The POWER 30: Brendan D. Cummins and Justin Cummins

Employment law in Minnesota has been marked recently by more robust federal agency enforcement, including the Department of Labor, the Equal Employment Opportunity Commission and the National Labor Relations Board.

It has been affected by an explosion in social matters that have brought around a shift in attitudes and enforcement, exemplified by the #MeToo and Black Lives Matter movements, said Minneapolis employment attorneys Justin Cummins and Brendan Cummins of Cummins & Cummins.

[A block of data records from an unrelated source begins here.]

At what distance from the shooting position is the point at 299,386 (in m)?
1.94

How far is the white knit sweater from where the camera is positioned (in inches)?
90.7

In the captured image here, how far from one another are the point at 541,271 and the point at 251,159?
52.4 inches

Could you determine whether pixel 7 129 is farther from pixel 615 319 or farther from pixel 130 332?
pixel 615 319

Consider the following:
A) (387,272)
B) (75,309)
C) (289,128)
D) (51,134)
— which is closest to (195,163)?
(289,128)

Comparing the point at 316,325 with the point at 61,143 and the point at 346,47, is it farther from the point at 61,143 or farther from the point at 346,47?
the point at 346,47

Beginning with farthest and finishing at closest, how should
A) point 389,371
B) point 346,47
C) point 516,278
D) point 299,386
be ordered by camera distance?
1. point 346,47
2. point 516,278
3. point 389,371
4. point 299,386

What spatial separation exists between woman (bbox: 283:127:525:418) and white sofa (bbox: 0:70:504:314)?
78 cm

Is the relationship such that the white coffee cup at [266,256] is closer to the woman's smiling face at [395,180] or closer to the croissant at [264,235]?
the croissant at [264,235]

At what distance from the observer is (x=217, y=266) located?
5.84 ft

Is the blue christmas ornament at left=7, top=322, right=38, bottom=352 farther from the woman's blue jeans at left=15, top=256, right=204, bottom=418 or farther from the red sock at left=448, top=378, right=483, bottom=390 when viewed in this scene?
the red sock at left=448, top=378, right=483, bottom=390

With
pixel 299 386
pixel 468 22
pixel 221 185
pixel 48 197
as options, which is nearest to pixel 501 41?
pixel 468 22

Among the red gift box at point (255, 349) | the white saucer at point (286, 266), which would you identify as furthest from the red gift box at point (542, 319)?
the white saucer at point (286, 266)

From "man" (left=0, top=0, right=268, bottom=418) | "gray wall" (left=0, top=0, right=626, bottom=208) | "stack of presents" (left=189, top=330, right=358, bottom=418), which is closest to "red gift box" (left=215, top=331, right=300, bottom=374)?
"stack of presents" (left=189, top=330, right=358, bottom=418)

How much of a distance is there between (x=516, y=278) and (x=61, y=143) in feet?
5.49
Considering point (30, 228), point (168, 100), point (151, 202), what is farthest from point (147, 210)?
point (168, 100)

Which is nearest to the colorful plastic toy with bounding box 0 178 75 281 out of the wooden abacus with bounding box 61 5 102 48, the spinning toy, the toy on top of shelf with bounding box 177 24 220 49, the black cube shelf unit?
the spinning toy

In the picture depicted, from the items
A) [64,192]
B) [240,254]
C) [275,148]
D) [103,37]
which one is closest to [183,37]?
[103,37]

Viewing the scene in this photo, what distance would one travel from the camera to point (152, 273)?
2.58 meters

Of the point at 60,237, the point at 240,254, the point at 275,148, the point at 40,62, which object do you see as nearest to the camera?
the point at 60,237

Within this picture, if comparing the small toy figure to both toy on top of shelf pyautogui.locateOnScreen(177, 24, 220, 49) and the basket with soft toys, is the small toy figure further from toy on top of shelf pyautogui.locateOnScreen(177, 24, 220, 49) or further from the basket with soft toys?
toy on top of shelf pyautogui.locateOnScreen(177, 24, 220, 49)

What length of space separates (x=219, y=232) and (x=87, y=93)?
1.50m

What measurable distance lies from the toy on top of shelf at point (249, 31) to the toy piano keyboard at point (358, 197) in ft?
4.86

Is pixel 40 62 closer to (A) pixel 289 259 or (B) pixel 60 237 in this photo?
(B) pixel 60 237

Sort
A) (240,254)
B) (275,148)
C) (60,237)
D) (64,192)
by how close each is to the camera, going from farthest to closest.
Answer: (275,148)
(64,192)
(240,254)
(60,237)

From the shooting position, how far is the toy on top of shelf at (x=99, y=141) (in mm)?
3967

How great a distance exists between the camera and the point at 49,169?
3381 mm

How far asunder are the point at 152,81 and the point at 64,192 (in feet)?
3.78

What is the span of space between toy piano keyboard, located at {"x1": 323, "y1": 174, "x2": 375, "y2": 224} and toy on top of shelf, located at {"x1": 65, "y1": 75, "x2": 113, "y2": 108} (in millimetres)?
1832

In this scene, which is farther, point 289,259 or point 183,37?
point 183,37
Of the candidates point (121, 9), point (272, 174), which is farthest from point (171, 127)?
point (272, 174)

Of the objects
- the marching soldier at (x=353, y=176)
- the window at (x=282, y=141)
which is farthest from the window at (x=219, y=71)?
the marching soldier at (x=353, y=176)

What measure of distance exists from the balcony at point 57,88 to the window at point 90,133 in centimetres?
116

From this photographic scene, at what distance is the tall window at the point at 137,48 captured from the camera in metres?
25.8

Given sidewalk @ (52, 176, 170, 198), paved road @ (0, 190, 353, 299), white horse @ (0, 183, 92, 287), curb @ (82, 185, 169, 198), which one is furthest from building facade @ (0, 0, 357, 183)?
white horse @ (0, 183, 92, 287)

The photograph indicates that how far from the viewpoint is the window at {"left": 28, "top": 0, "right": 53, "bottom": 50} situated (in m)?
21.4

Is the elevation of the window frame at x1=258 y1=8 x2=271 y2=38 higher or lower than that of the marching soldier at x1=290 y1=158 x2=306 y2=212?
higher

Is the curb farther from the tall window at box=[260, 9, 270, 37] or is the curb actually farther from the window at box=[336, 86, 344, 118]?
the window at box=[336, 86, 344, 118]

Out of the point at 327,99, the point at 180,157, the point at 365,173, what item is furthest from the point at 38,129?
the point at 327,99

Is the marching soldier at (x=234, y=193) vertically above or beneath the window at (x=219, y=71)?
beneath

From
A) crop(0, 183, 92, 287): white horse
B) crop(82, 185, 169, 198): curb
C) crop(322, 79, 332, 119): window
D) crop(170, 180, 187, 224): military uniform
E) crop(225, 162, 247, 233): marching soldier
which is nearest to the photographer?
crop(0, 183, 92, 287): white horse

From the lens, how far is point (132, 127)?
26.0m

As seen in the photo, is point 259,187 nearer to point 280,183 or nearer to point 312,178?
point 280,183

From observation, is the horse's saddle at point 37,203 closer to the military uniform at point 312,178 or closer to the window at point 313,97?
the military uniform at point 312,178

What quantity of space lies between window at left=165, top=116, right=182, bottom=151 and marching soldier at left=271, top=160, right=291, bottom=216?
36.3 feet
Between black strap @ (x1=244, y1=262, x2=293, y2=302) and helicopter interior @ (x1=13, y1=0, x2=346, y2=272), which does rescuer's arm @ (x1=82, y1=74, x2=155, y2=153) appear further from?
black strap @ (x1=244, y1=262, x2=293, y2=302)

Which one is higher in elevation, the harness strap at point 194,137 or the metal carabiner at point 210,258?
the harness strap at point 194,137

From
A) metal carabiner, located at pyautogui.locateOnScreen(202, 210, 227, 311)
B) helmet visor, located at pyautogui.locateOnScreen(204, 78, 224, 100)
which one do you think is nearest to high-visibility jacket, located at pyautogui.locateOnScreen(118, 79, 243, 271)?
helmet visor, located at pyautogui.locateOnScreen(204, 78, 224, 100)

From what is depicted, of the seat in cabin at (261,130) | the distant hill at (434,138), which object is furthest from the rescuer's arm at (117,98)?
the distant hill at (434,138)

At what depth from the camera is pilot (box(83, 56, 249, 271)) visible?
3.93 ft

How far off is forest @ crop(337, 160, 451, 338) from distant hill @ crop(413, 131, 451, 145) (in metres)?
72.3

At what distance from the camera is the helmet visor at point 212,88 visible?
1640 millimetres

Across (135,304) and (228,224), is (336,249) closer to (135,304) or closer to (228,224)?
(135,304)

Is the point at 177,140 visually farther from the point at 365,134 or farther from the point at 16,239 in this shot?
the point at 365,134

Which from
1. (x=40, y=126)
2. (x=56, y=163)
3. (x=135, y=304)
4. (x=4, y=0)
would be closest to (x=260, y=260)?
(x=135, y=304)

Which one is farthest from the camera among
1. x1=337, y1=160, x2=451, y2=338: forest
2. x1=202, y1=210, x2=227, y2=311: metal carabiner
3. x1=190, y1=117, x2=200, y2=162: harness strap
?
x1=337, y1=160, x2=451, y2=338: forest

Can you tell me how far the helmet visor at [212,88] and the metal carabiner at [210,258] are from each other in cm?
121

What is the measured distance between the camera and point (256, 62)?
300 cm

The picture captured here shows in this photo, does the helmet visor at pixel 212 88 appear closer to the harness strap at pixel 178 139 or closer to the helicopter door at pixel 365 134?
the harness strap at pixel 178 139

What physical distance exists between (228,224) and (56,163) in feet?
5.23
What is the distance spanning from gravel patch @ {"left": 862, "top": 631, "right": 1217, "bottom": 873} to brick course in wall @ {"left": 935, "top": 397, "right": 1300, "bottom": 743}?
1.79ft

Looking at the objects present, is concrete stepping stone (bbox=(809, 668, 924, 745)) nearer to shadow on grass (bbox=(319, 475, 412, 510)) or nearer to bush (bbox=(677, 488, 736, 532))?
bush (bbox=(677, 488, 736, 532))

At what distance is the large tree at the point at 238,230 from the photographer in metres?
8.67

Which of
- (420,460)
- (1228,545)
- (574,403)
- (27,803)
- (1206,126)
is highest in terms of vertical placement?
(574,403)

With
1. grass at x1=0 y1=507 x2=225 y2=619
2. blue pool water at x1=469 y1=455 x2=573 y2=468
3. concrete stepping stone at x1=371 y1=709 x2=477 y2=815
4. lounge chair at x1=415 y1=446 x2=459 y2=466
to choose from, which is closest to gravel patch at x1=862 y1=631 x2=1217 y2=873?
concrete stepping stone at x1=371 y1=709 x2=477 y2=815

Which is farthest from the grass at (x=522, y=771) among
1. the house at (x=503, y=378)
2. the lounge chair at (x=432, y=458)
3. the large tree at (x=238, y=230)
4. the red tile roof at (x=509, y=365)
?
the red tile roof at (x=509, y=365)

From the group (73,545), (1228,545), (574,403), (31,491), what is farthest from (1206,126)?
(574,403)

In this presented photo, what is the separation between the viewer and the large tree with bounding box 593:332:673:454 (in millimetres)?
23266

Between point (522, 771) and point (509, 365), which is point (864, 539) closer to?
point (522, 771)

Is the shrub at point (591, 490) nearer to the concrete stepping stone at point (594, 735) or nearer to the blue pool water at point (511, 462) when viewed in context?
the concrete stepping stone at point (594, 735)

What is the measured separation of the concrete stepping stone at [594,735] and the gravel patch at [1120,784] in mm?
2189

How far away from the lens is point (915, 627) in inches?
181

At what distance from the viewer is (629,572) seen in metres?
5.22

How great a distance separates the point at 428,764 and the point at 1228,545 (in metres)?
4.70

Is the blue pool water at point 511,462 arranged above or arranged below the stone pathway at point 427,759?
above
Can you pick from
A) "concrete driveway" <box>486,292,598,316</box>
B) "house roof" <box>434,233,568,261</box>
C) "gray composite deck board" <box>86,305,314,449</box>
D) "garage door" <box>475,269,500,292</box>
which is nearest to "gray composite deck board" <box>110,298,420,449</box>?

But Minnesota courts have enforced the Minnesota Human Rights Act and other laws strongly to protect employees.

Justin points to Kenneh v. Homeward Bound, where the Supreme Court in 2020 specifically referred to the MHRA and instructed courts to evaluate dispositive motions by considering the totality of the circumstances. It said that state claims need not be governed by federal caselaw.

Other Minnesota decisions have been favorable to employees. Justin also pointed to Hall v. City of Plainview, 2021, which found that an employee handbook contract disclaimer was ambiguous.

Further, in Madison Equities v. Office of the Attorney General, also in 2021, the Supreme Court upheld workers’ rights to information per the wage theft unit created by Attorney General Keith Ellison under Minn. Stat. sec. 8.31. It is the strongest wage theft law in the country, Justin said.

Brendan Cummins said that the National Labor Relations Board under President Joe Biden is in a process of developing new standards to protect workers’ rights to advocate, also through the definition of independent contractors, who are not within the NLRB’s purview.  It has requested briefing on the issue, he said.

Another initiative is to strengthen protection of organizing drives, Brendan said. On February 1, National Labor Relations Board General Counsel Jennifer Abruzzo announced an initiative to seek injunctions under Section 10 (j) of the National Labor Relations Act in cases where workers have been subject to threats or other coercive conduct during an organizing campaign.

Brendan agrees that the pandemic and changing social attitudes are driving employees to seek change. Respect is a part of every organizing campaign, especially where safety issues arise, Brendan said. There’s a greater consciousness now that “we’re all in this together,” and employees are bargaining about and in the public interest, he said.